*** Opening DATA FOR ANALYSIS ***

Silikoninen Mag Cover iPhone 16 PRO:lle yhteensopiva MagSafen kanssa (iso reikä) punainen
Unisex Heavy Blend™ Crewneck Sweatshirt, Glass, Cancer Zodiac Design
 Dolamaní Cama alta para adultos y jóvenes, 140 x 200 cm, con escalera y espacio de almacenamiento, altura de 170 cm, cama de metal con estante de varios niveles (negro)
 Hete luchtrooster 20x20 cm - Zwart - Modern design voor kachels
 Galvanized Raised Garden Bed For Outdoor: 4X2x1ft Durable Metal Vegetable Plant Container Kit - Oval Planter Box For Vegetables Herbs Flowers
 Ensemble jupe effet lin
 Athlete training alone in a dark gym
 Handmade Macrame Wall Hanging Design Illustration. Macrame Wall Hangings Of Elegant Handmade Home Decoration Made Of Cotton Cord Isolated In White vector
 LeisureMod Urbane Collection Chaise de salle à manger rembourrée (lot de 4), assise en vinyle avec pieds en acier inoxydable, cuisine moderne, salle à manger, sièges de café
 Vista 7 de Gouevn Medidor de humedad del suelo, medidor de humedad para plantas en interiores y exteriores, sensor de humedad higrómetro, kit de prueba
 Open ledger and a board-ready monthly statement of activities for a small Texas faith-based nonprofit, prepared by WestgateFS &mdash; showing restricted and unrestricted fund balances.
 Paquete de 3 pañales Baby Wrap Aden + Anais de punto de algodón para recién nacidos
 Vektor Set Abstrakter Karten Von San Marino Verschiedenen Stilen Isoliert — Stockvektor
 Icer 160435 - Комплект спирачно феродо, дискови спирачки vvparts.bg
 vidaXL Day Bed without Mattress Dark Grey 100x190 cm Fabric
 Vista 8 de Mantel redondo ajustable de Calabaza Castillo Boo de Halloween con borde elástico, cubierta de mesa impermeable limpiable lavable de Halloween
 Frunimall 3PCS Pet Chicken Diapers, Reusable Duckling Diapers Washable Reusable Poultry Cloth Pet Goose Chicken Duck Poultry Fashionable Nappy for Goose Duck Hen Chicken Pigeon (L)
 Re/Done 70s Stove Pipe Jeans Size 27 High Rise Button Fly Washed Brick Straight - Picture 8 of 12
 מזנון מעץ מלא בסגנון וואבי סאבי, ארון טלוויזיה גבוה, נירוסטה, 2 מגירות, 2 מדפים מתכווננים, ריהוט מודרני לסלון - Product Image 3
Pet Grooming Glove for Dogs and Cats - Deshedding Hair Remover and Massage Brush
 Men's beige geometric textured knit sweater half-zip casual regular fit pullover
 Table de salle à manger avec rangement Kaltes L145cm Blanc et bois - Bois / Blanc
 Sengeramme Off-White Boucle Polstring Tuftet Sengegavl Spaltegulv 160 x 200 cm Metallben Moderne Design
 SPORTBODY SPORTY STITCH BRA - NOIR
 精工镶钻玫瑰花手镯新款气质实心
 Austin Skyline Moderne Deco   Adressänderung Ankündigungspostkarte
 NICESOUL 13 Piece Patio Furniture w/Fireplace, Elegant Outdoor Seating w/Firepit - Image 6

*** Closing DATA FOR ANALYSIS ***

(WORK TASK)
Copy, without any change, the lines from the one that contains "Table de salle" to the final line of the entries above.

(THE COMPLETED TASK)
 Table de salle à manger avec rangement Kaltes L145cm Blanc et bois - Bois / Blanc
 Sengeramme Off-White Boucle Polstring Tuftet Sengegavl Spaltegulv 160 x 200 cm Metallben Moderne Design
 SPORTBODY SPORTY STITCH BRA - NOIR
 精工镶钻玫瑰花手镯新款气质实心
 Austin Skyline Moderne Deco   Adressänderung Ankündigungspostkarte
 NICESOUL 13 Piece Patio Furniture w/Fireplace, Elegant Outdoor Seating w/Firepit - Image 6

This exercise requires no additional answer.